Book Review: Rainbow Rowell’s “Fangirl”

 

Fandom fascinates me.

It’s not just a general ‘hey I like nerdy things!’ sentiment (even if I do like nerdy things). Rather, I approach things from a sociological perspective. When I see a ‘true fan’s’ rapturous reaction to their chosen obsession, I can’t help but ask “what is it that makes them feel this way?” Maybe I’m somehow craving something that could get me that excited.

(Note: there are actually quite a few things I will get super-excited and geek out on, though I rarely get the chance. Things like: Final Fantasy VI, Mass Effect, The Room, Ska, Steven Universe, Streets of Fire, Scooby Doo: Mystery Inc, The Protomen, A Better Tomorrow II, St. Louis Punk-Bluegrass, Avatar: The Last Airbender, Solomon Kane, Adventure Time, nWoD: Accord, and Stag Beer, to name a few).

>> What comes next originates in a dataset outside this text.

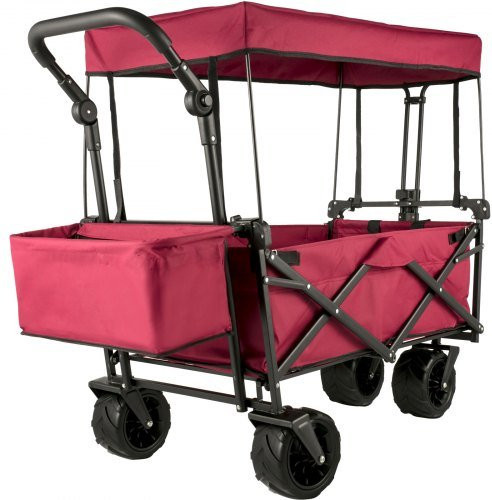 VEVOR Klappbarer Bollerwagen mit abnehmbarem Verdeck, Belastbarkeit bis 100 kg, faltbarer Outdoor-Transportwagen mit großen Rädern und verstellbarem Griff - Bild 1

Alternately, part of it might be that I enjoy looking at certain fandoms from the outside, and thus use it as a mirror to my own aforementioned interests. It’s an opportunity to ask “Is this what I sound like to normal people?”

Anyway, it’s this interest (along with a review on Tor.com) that put Rainbow Rowell’s Fangirl on my radar.

Fangirl is about Cath, a neurotic 18 year old, well, fangirl, and how she deals with her first year at college. She has to deal with the standard challenges of college life: her bitchy roomate Reagan, her binge-drinking twin sister Wren, boys, drinking, hard-assed professors, parties, etc. However, what makes Cath different from uncounted other Young Adult heroines is the fact that she writes fanfiction. Lots of fanfiction. Novel length fanfiction. It’s a point of obsession for Cath, and one of the central points to her identity.

I’ll freely admit I’ve written terrible fanfic in the past, but nothing more than short-story length, and even then the stories were mostly an excuse to string a few cheap jokes together. This said, my personal philosophy on fanfic is that the best fanfic follows the set canon, and just expands on it. A continuation of the source material, y’know? It’s okay to make little twists here and there, but ignoring the source material in order to back up your own arbitrary position is silly. Call me a purist, or something.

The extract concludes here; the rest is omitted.